▶ **Task to complete**: Retype the data below exactly; skip every image.

▶ **Dataset content**:
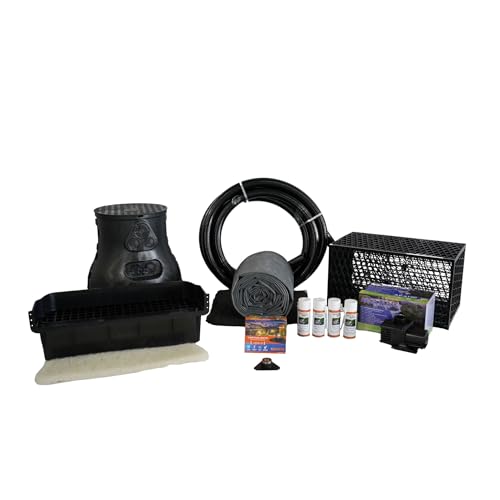 Half Off Ponds 10' X 20' Savio Pond Free 6100 Epdm Waterfall Kit W/matrixblox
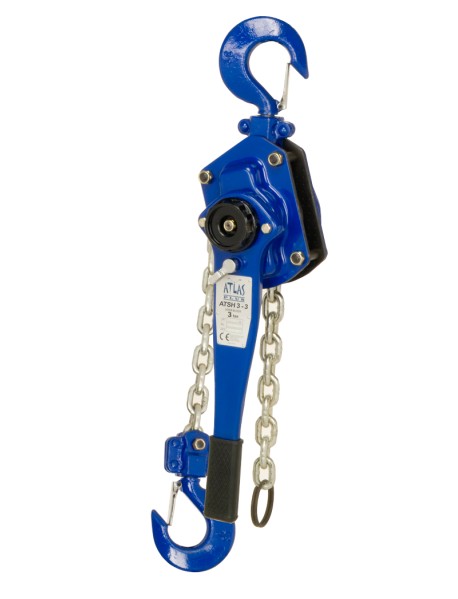 ATLAS ATSH 3-3 YÜK EMN.ZİNCİRLİ HUBZUG - OPÇUK 3 TON 3 METRE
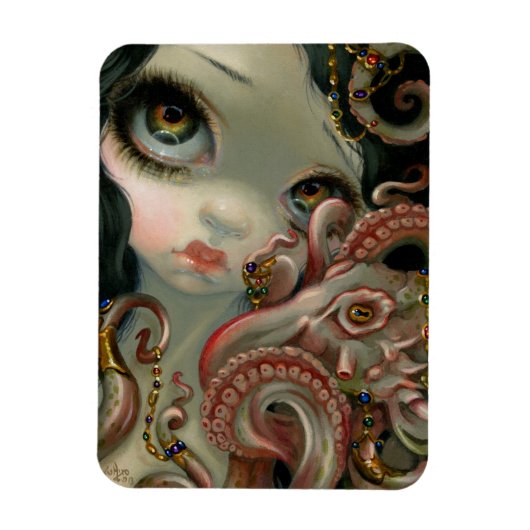 Magnet Flexible Aimant flexible "Octopus bijoux" (Vertical)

▶ **Response to the task**:
 Half Off Ponds 10' X 20' Savio Pond Free 6100 Epdm Waterfall Kit W/matrixblox
 ATLAS ATSH 3-3 YÜK EMN.ZİNCİRLİ HUBZUG - OPÇUK 3 TON 3 METRE
 Magnet Flexible Aimant flexible "Octopus bijoux" (Vertical)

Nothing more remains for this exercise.